Work to complete
Take the lines below between the one holding "The girl is facing the camera" and the one holding "The scene captures", inclusive, and copy them exactly. Add nothing.
╭──
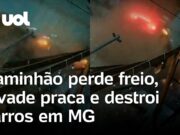Veja Vídeo – Caminhão ‘voa’ após perder o freio, invade praça e destrói carro em Minas Gerais; veja
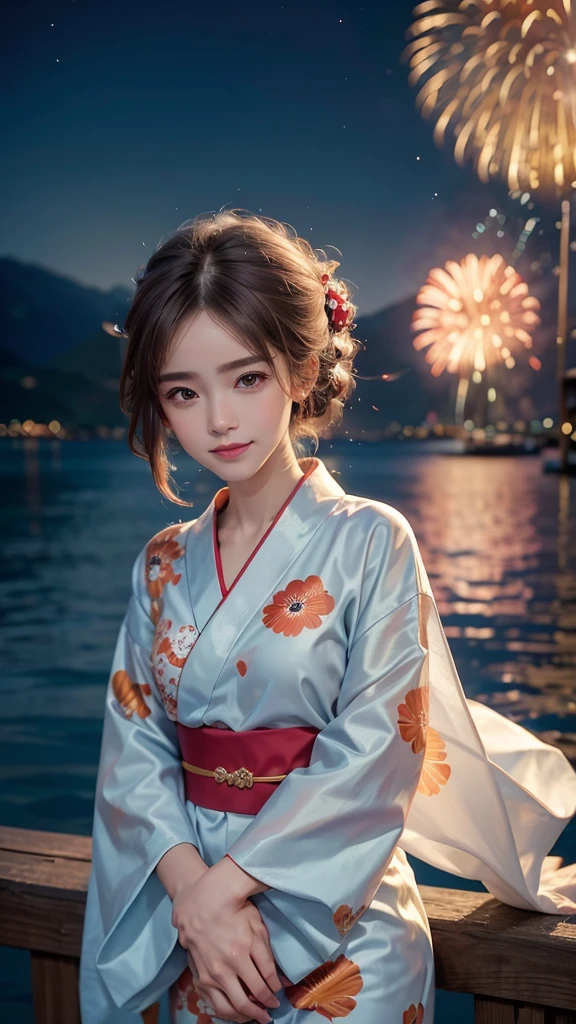 A realistic image of a girl watching a fireworks display at Miyajima
The girl is facing the camera
The sky is filled with colorful fireworks
Fireworks are reflected on the water's surface
The girl is wearing a traditional yukata with a goldfish pattern
Her hair is styled in an elegant updo
The aspect ratio is 9:16
The scene captures the festive atmosphere, with vibrant fireworks lighting up the night sky over the water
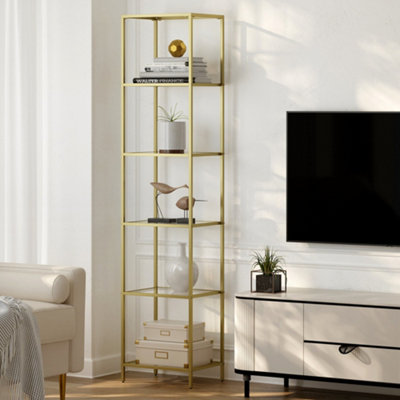 6-Tier Glass Shelf, Bookshelf, Storage Rack, Tempered Glass, Easy ...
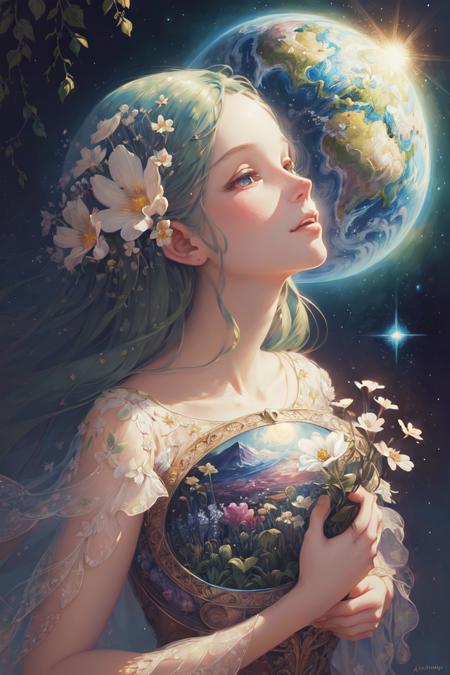 (Illustration:1.3) ,beautiful planet earth with flowers and plants sprouting spring day,(by Artist Anna Dittman:1), (((masterpiece))), (((best quality))), ((ultra-detailed)),(detailed light),((an extremely delicate and beautiful)), flat illustration, flat illustration,((solo)), <lora:cptnzr:1>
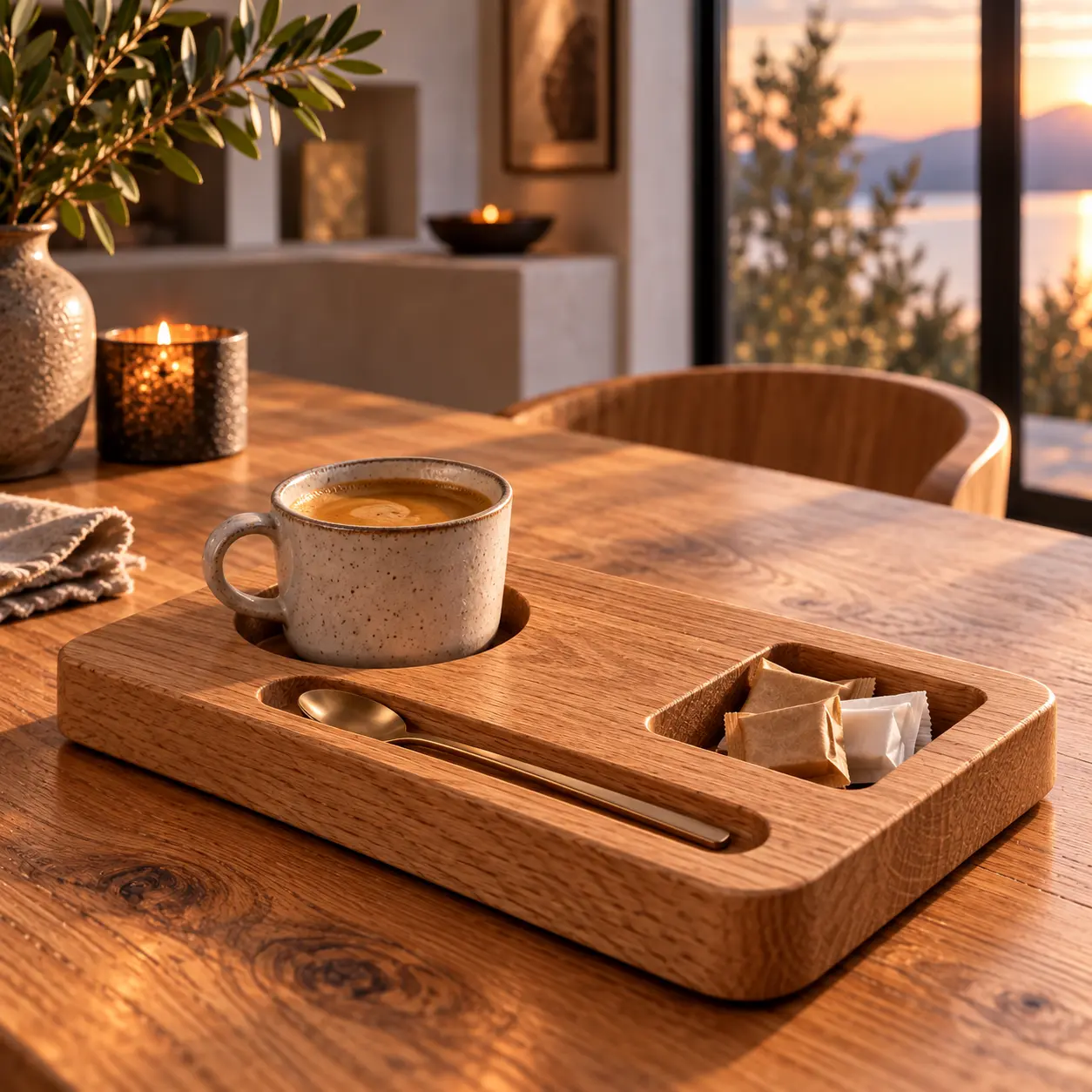 Kleine Kaffeestation aus Eiche mit Tasse, Löffelablage und Zuckerfach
╰──
Response
The girl is facing the camera
The sky is filled with colorful fireworks
Fireworks are reflected on the water's surface
The girl is wearing a traditional yukata with a goldfish pattern
Her hair is styled in an elegant updo
The aspect ratio is 9:16
The scene captures the festive atmosphere, with vibrant fireworks lighting up the night sky over the water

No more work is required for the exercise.